**YOUR ASSIGNMENT**:
Word-for-word reproduction, images excluded: copy every entry below.

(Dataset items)
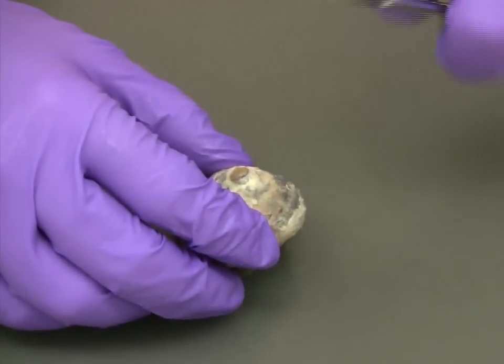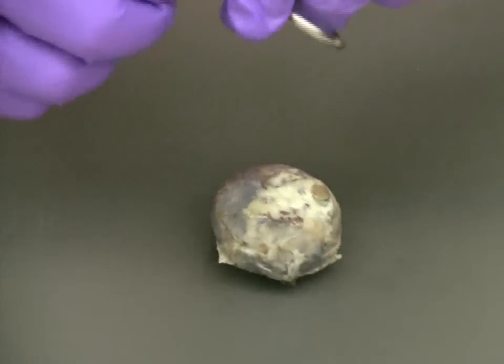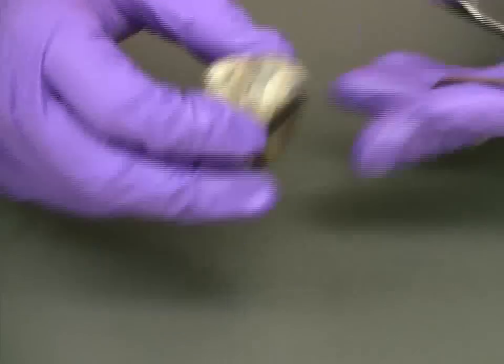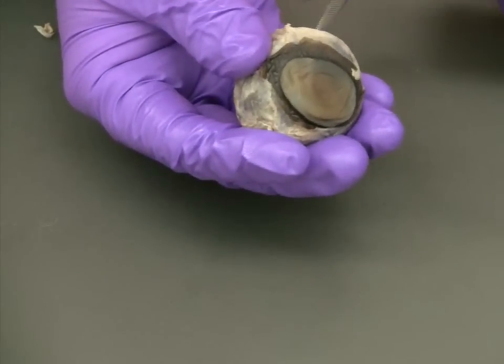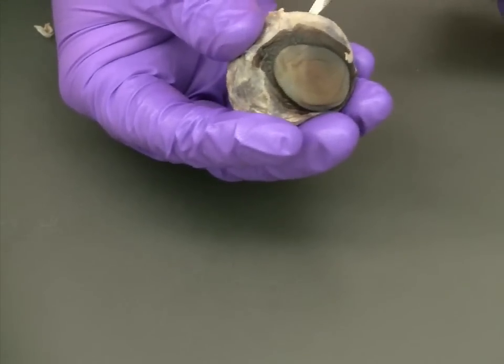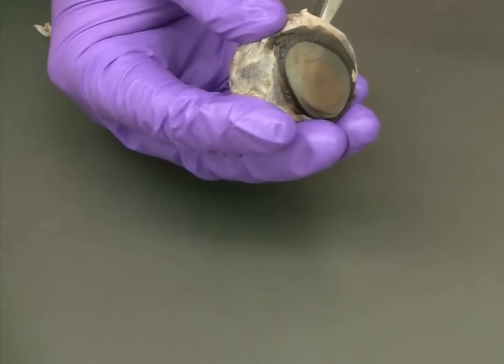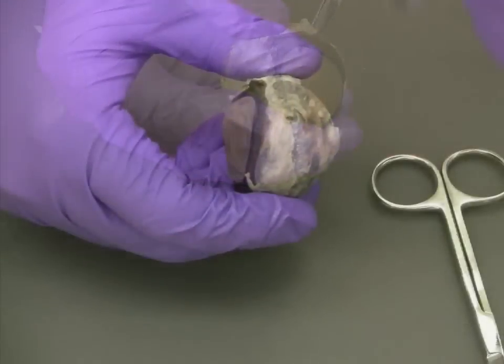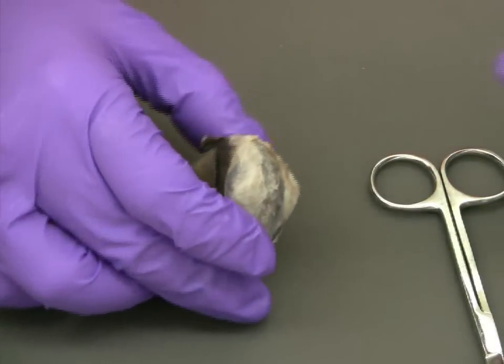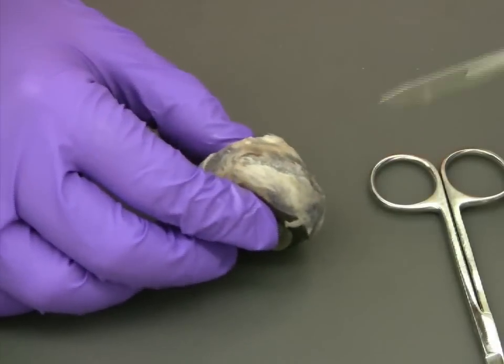The next step is gaining access to the interior of the eye. To do that, we're going to use scissors and make a transverse incision along the outside of the eye. If you have blunt scissors or are having trouble getting the incision started, you can use the scalpel.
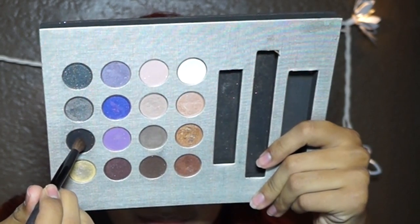Now you want to use a black eyeshadow. You want to apply this on the outer corner of your eyes, then blend that out.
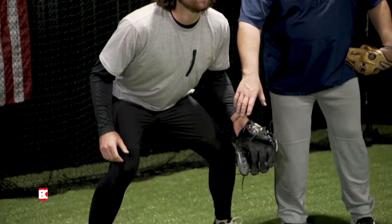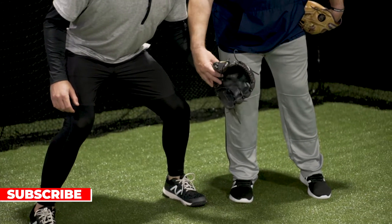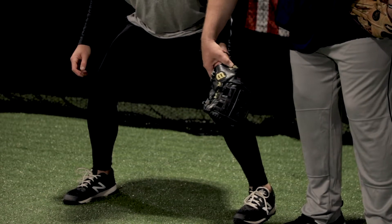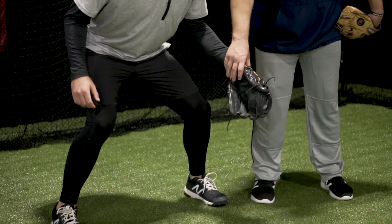When you get set, let's talk about your glove positioning. His hand is really relaxed and his thumb is down. If he has his thumb up, he's going to have to make another move to go catch the ball. So from here with his thumb down, he's ready to just kind of rotate in and catch a ball wherever he has to go.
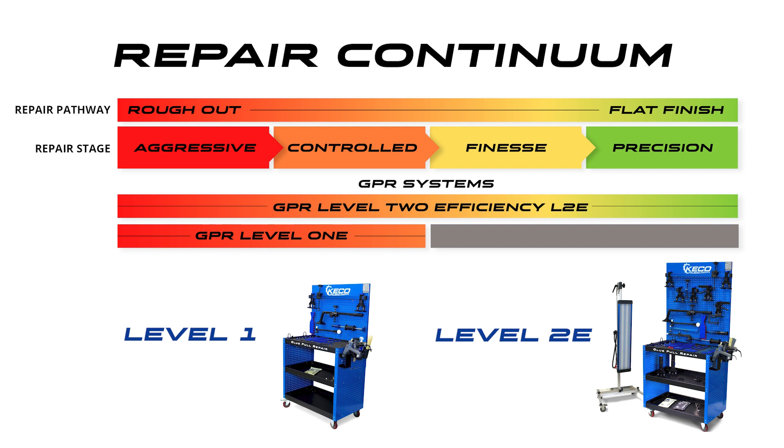Competitors have good glue and some good tabs, but honestly no one today covers the full repair continuum the way we do. What most competition does is cover that rough out piece — that half — which is what our Level 1 does. We wanted to offer the Level 1 to make it clear: it's not that we have a pricier system, it's that we have a fuller, more capable system. Our Level 1 is similar to — and in some cases exceeds — what most competitors offer in their full system.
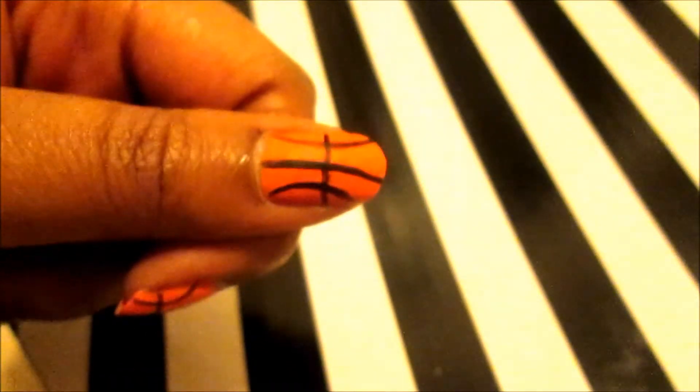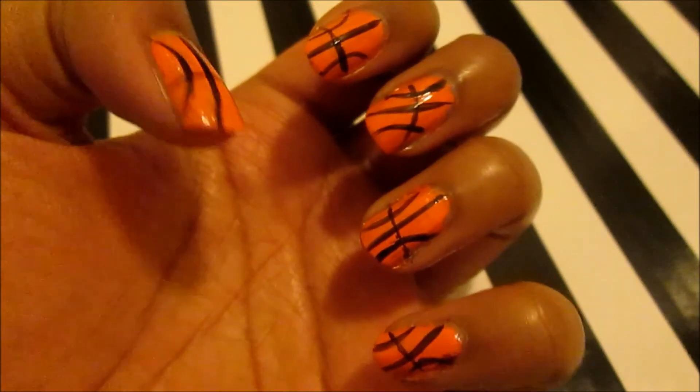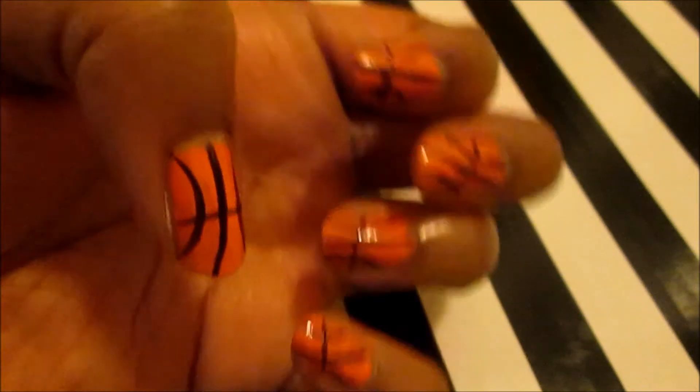I put on a matte top coat just to take away the fluorescence of my orange, but any orange will do.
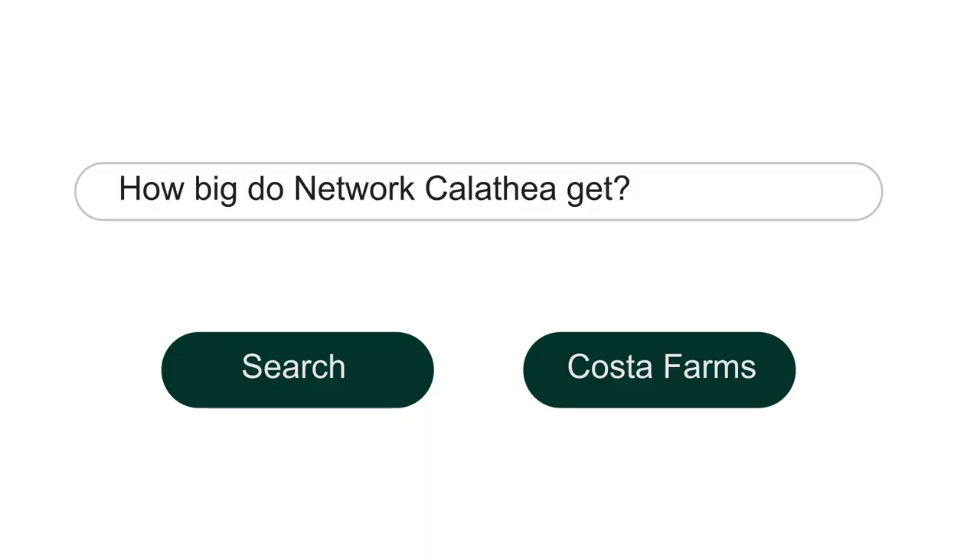How big do network calatheas get? Calathea network is a low-profile, low-stem-profile type calathea. There are some varieties that can grow much taller — they grow up real tall — but this variety, the stem length, will not get much higher than that, maybe about this much taller, and that would only be because of light stretch. But in most cases, this is about as low as it gets. We call it a low-profile, home-decor type indoor plant, which is good. It fits in a lot of places where tall doesn't work.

**ANSWER TO THIS EXERCISE**:
The next step is gaining access to the interior of the eye. To do that, we're going to use scissors and make a transverse incision along the outside of the eye. If you have blunt scissors or are having trouble getting the incision started, you can use the scalpel.
Now you want to use a black eyeshadow. You want to apply this on the outer corner of your eyes, then blend that out.
When you get set, let's talk about your glove positioning. His hand is really relaxed and his thumb is down. If he has his thumb up, he's going to have to make another move to go catch the ball. So from here with his thumb down, he's ready to just kind of rotate in and catch a ball wherever he has to go.
Competitors have good glue and some good tabs, but honestly no one today covers the full repair continuum the way we do. What most competition does is cover that rough out piece — that half — which is what our Level 1 does. We wanted to offer the Level 1 to make it clear: it's not that we have a pricier system, it's that we have a fuller, more capable system. Our Level 1 is similar to — and in some cases exceeds — what most competitors offer in their full system.
I put on a matte top coat just to take away the fluorescence of my orange, but any orange will do.
How big do network calatheas get? Calathea network is a low-profile, low-stem-profile type calathea. There are some varieties that can grow much taller — they grow up real tall — but this variety, the stem length, will not get much higher than that, maybe about this much taller, and that would only be because of light stretch. But in most cases, this is about as low as it gets. We call it a low-profile, home-decor type indoor plant, which is good. It fits in a lot of places where tall doesn't work.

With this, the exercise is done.